Under President Donald Trump, the US tightened its economic sanctions against Venezuela and handed Juan Guaido the power to seize control over the government. Guaido declared himself the interim leader of Venezuela in January 2019, claiming that he had the authority to establish a transitional administration since Maduro had returned in a fraudulent election in late 2018. The military has stayed faithful to President Maduro, whose socialist party also maintains a tight hold on the electoral board and the Supreme Court, despite efforts by Mr Guaidó to persuade them to support him.
The Biden administration initially adhered to Trump’s position, but in March, just a few weeks after Russia invaded Ukraine, it initiated discussions with its Venezuelan counterparts. Although the official story from the US is that the decision to waive sanctions was a part of a more extensive effort to bring about political reconciliation in Venezuela, the energy crisis in Europe appears to have ignited the spark. Oil prices have skyrocketed due to the Russian invasion of Ukraine. Moreover, OPEC’s decision to lower oil production has exacerbated the oil crisis, forcing Western powers to search for alternate markets to procure oil. Therefore, allowing Venezuela to export more oil was one of the ways the US could ease its increasing fuel demand.
Undoubtedly, there are conditions attached to the relaxation of sanctions. Chevron can produce oil from its resources in Venezuela, but it should only be exported to the United States. Additionally, the license may be revoked at any time. Moreover, the profits made from the sale of oil should be used to settle the $4.2 billion debt owed by Petroleos de Venezuela SA (the government-owned oil corporation of Venezuela) to Chevron. The U.S.'s apparent U-turn is nevertheless a success for Mr Maduro. Although he has offered to start negotiations with the opposition, he has yet to make any significant accommodations. The American move might also lead European nations to review their stance on Venezuela. Foreign businesses coming home would enable Venezuela to increase its oil production and resume its developmental programs.
Although Mr Maduro appears to have resisted attempts by the West to isolate him, his bigger task is navigating through the domestic storm. His chance to win public support is tied to his re-engagement with other countries. In addition, Maduro will likely bring in more foreign investors to fix the significant economic issues in Venezuela that are partially a result of his actions.
- The Bolivarian Republic of Venezuela is now gaining popularity as an alternative to restricted Russian crude supplies. With Venezuela re-entering the oil market, Western countries, particularly the US, could ease its energy crisis.

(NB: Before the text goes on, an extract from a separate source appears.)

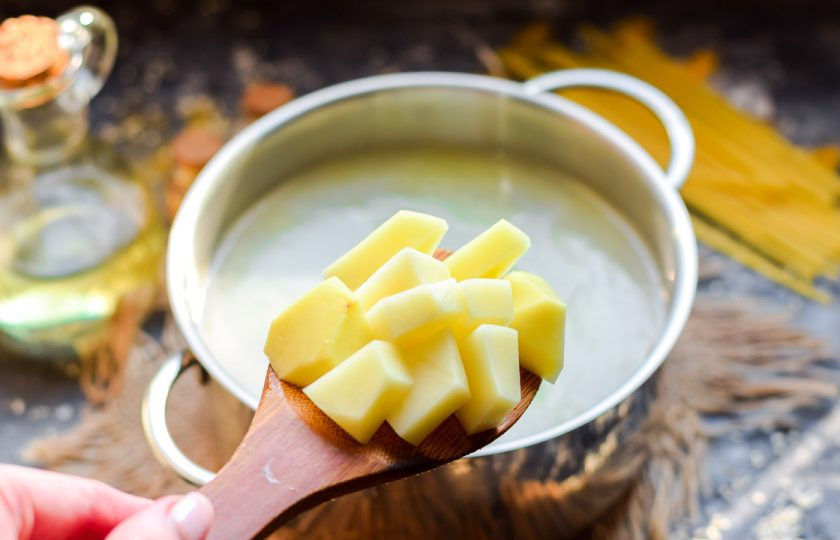 1. Этап. Суп с лапшой и капустой: Картофель очистите, вымойте, просушите, нарежьте крупными брусками, отправьте в кастрюлю, варите 20 минут.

- The Trump administration demonstrated that it is difficult to overthrow a tyrannical regime just by sanctions. And it is even challenging to persuade a dictator to negotiate his potential electoral defeat via well-calculated sanctions relief.
- Rebuilding democratic institutions and holding free and fair presidential elections are the final steps to re-democratization in Venezuela. It has to be founded on a pact for coexistence among all political factions and consider Venezuelan civil society.